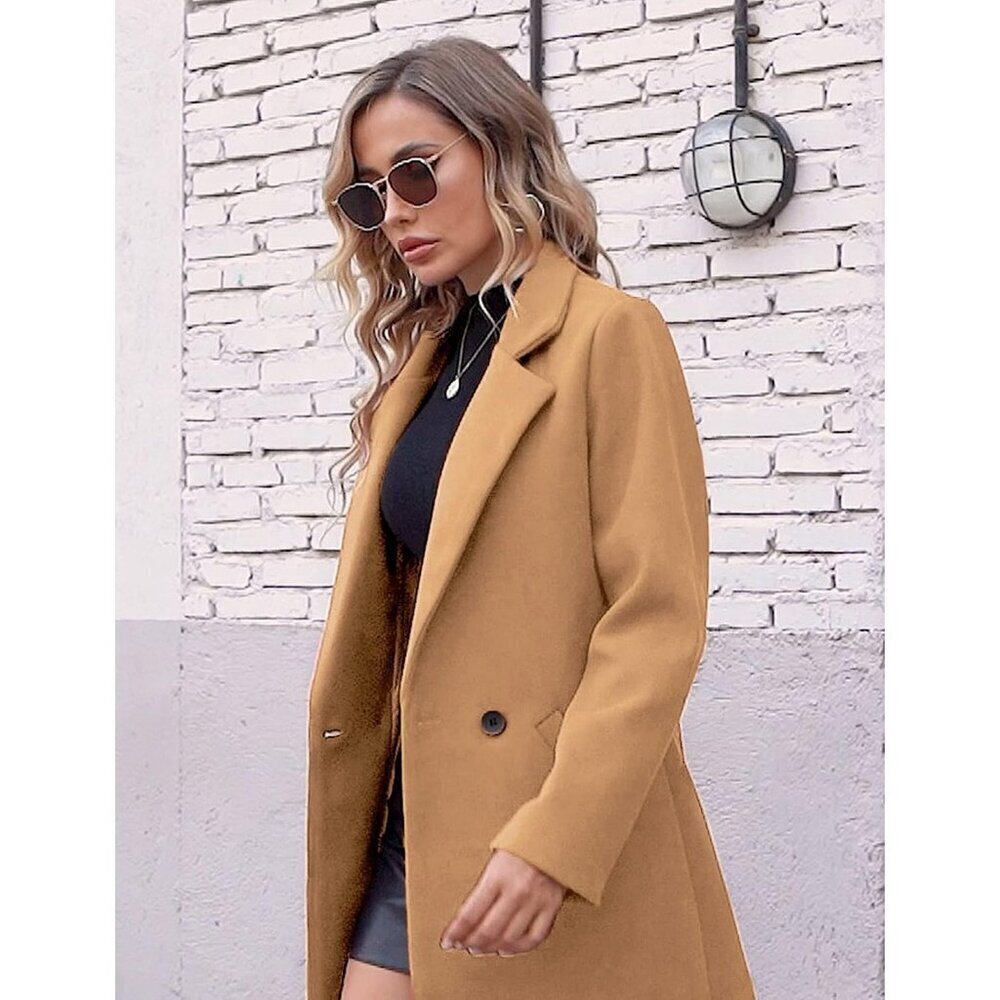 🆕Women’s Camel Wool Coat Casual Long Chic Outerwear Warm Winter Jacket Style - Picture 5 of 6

● ● ● ●

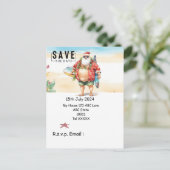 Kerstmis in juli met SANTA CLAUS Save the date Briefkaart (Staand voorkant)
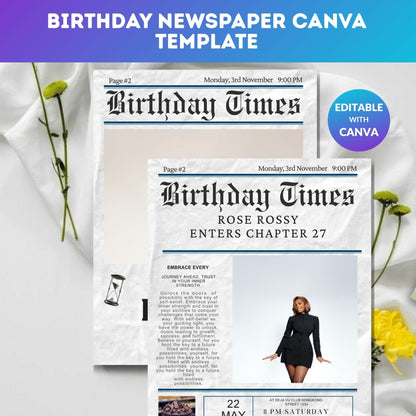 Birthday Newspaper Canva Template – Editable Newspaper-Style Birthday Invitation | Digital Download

● ● ● ●

- **TASK TO CARRY OUT**:
Nothing but the lines from the one with "Kerstmis in juli" up to and including the one with "Birthday Newspaper Canva" should be printed, exactly as they read above. Please keep the pictures out.

- **THE ANSWER**:
 Kerstmis in juli met SANTA CLAUS Save the date Briefkaart (Staand voorkant)
 Birthday Newspaper Canva Template – Editable Newspaper-Style Birthday Invitation | Digital Download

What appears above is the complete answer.